Carroll and Lynch both spoke candidly about the play. As the team’s head coach at the time, Carroll didn’t shy away from responsibility. At the same time, while in a good spot now, Lynch re-emphasized how he and the team felt following the loss.
“A lot of players from that team don’t feel that, considering your philosophy and what you stood for and what you got a lot of those guys to believe in, they don’t feel that you owned it from a perspective of which they would have liked you to own it,” Lynch said in response to Carroll. “Because then it started to get rough over there … a lot of guys took that [expletive] a lot harder even than I did, because of what you instilled in that Seahawk team.”
Lynch was adding onto a lot of what Carroll discussed early in the episode, as well, about embracing the individual personalities on the Seahawks’ roster and empowering them. Apparently, because of the mentality Carroll instilled in the building that had to go both ways, some players weren’t satisfied with his handling of the situation.
When asked who made the call to pass the ball, Carroll gave a somewhat political answer that Lynch clarified after.
“We did it the way we always did. There’s defensive coordinators, there’s offensive coordinators, they call the stuff, we play the game,” Carroll said. “I’m responsible for every call that was ever made.”

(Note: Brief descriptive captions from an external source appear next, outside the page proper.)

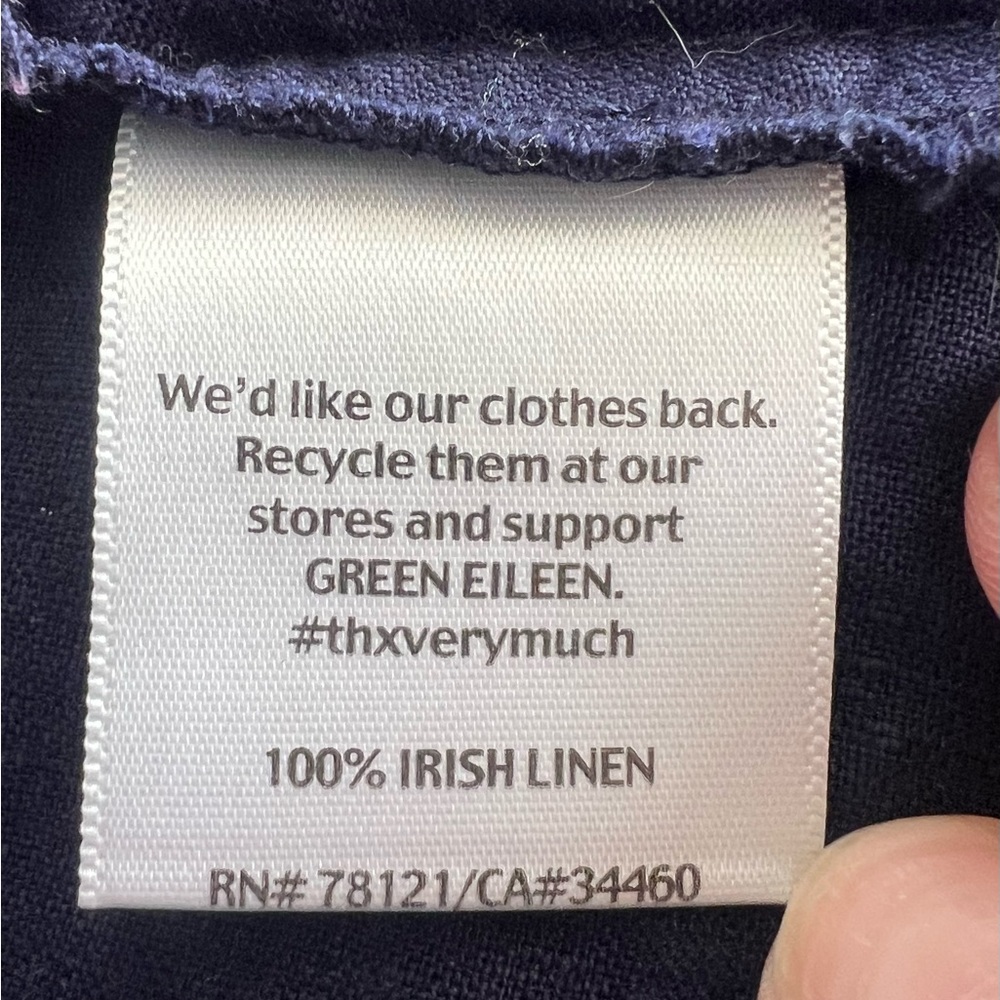 EILEEN FISHER MIDNIGHT HANDKERCHIEF 100% IRISH LINEN DRESS SZ SMALL LINED EUC - Picture 6 of 14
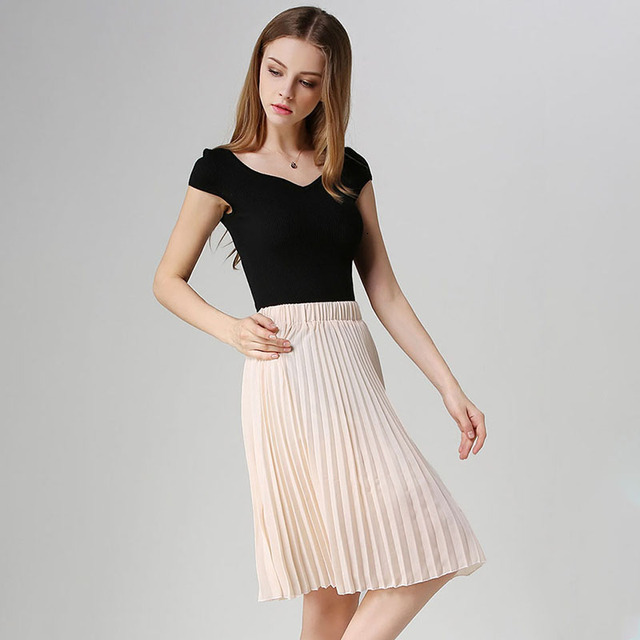 Skirts Women Chiffon Pleated Skirt Vintage High Waist Tutu Skirts Womens Saia Midi Rokken Summer Style Jupe Femme Skirt 230211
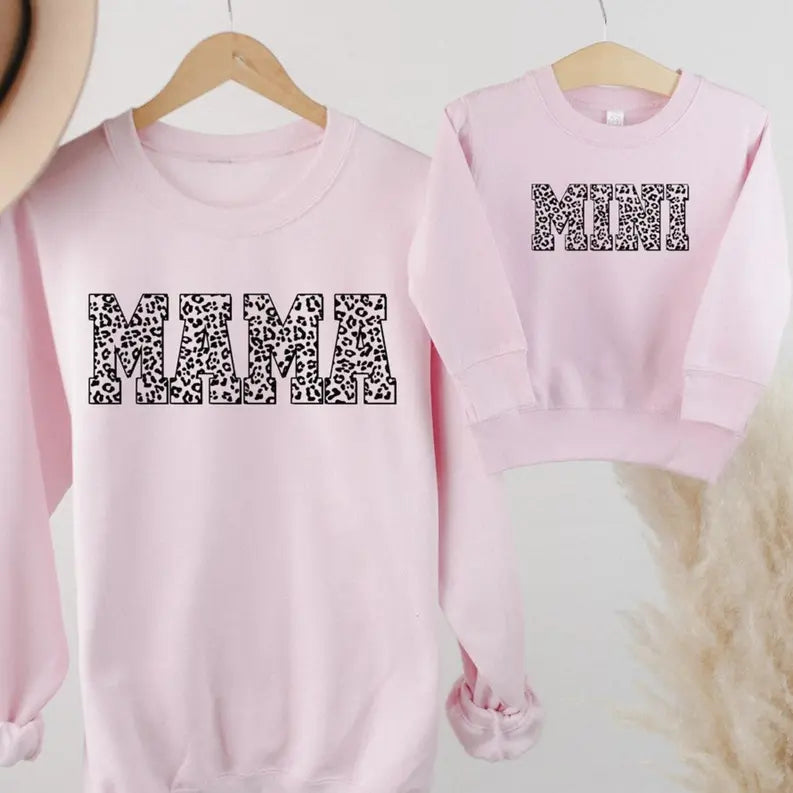 Women's Mama & Mini Leopard Sweatshirt Dream Team Designs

Lynch quickly retorted: “[Offensive coordinator Darrell] Bevell made the [expletive] call, and Pete didn’t get to it quick enough to get out of that [expletive]. That’s what he just told you in a nutshell.”
Regardless of who made the call or didn’t get the ball, the play happened — it can never be undone, almost a decade later. It has long been a discussion among fans, however: Was it Bevell’s idea, or Carroll’s? The discussion seemingly answers that question. Carroll, as he should be, was the fall guy as the head coach.
There has also been speculation that Wilson audibled into the play from the line of scrimmage. That theory can seemingly be squashed.
“It had nothing to do with all of the storylines. Marshawn and I have talked about it. It had nothing to do with all of the storylines about some other players or some other agenda,” Carroll said. “That’s not how the game works. It happened so fast — they substitute, we do this, boom the call is made. It just happened, and we got smacked in the freaking nuts by it.”
Should Lynch have been given the ball? Absolutely. He had just rushed for four yards on 1st and Goal to get Seattle to the 1-yard line. Since then, Lynch said he can't go anywhere without being asked about it at least once. Lynch added it "turned my life in a way I can never imagine," but also showed him how much respect people had for his play.
The Carroll era is over after 14 seasons in Seattle. One of the upsides of that regime now fully filtering out is fans gaining some more clarity on longstanding, unanswered questions. Together, Carroll and Lynch put plenty of speculation to bed in one conversation.